Baby formula on display at a news conference Monday.

Baby formula on display at a news conference Monday. Credit: James Carbone

The federal government this week took steps to allow foreign infant formula manufacturers to sell their products to Americans as worried parents continue seeking options to feed their babies amid a nationwide formula shortage.

The U.S. Food and Drug Administration on Tuesday said it would allow foreign companies to apply for evaluation as to whether their formula can be used safely and if it provides adequate nutrition. The U.S. normally produces 98% of the infant formula it consumes, according to the FDA.

Still, the agency said it could be a few weeks before those imported products hit shelves.

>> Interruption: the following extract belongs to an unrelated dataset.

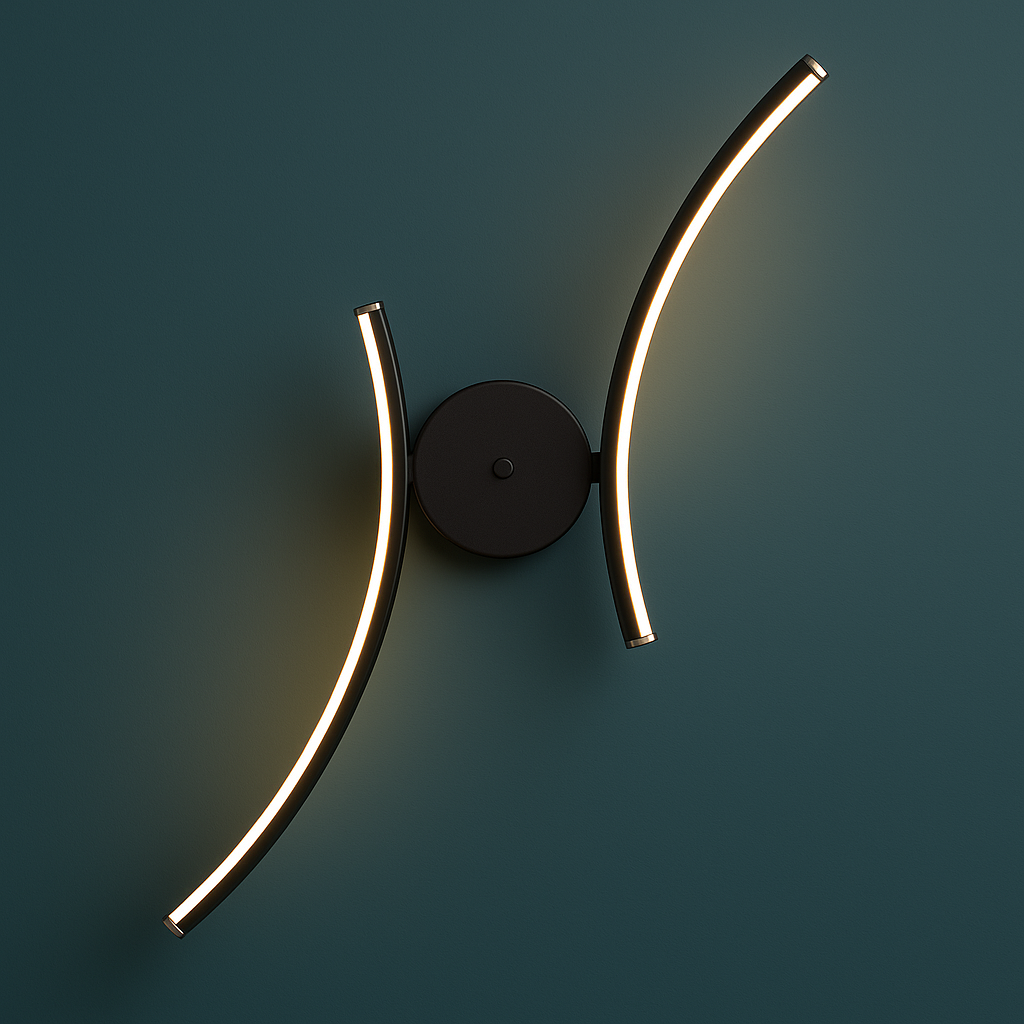 Rechargeable Wall Light | Sculptural Curved LED Sconce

The White House earlier this week announced an agreement with Abbott, the nation's largest formula maker, to reopen the largest domestic manufacturing plant of infant formula. The FDA has been investigating safety problems at the Sturgis, Michigan, facility.

Long Island experts interviewed said more formula choices amid the shortage are welcome, but they urged parents to keep several factors in mind if pursuing a foreign option.

First, European standards call for less iron than American formulas so that may cause nutritional problems long-term. “You have to feed your baby and if that's all you can find, yes,” said Lyssa Lamport, a neonatal nutritionist with Cohen’s Children Medical Center of New York. “Does it meet the nutrient needs of that specific child long-term? I don't know.”

Another aspect to consider is that a label may be written in a foreign language, making it impossible to discern information on dosing or expiration dates, experts said.

Some American parents were opting for European brands before the shortage, mostly obtained through methods not approved by the FDA, because of the perception that they are healthier. For example, they may be seeking formula without added sugars or stricter standards for an organic label, Lamport said. But there are American brands offering formula more in-line with that of Europe.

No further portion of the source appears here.